--- WORK ORDER ---
Taking the entries below from the top, restate each line exactly and end with the line containing "Photo 4 - Kobelco".

--- DATA TO EXAMINE ---
══════════════════════════════

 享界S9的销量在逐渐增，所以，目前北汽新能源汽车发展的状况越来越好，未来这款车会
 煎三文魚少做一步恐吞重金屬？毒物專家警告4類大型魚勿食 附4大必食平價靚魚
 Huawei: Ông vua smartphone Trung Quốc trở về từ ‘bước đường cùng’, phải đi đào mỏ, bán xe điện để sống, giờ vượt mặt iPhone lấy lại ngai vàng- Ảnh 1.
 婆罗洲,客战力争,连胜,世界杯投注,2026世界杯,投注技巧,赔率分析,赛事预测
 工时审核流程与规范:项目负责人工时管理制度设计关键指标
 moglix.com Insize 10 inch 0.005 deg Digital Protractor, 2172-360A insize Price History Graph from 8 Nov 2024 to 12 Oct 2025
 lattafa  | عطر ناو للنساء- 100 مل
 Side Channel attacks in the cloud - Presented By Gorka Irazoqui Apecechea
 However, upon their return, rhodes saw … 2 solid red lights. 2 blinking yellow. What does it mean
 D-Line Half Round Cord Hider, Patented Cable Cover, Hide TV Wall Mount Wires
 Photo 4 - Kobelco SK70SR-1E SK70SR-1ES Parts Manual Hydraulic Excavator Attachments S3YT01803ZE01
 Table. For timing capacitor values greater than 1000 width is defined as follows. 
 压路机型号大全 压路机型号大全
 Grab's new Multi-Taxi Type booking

══════════════════════════════

--- SOLVED PROBLEM ---
 享界S9的销量在逐渐增，所以，目前北汽新能源汽车发展的状况越来越好，未来这款车会
 煎三文魚少做一步恐吞重金屬？毒物專家警告4類大型魚勿食 附4大必食平價靚魚
 Huawei: Ông vua smartphone Trung Quốc trở về từ ‘bước đường cùng’, phải đi đào mỏ, bán xe điện để sống, giờ vượt mặt iPhone lấy lại ngai vàng- Ảnh 1.
 婆罗洲,客战力争,连胜,世界杯投注,2026世界杯,投注技巧,赔率分析,赛事预测
 工时审核流程与规范:项目负责人工时管理制度设计关键指标
 moglix.com Insize 10 inch 0.005 deg Digital Protractor, 2172-360A insize Price History Graph from 8 Nov 2024 to 12 Oct 2025
 lattafa  | عطر ناو للنساء- 100 مل
 Side Channel attacks in the cloud - Presented By Gorka Irazoqui Apecechea
 However, upon their return, rhodes saw … 2 solid red lights. 2 blinking yellow. What does it mean
 D-Line Half Round Cord Hider, Patented Cable Cover, Hide TV Wall Mount Wires
 Photo 4 - Kobelco SK70SR-1E SK70SR-1ES Parts Manual Hydraulic Excavator Attachments S3YT01803ZE01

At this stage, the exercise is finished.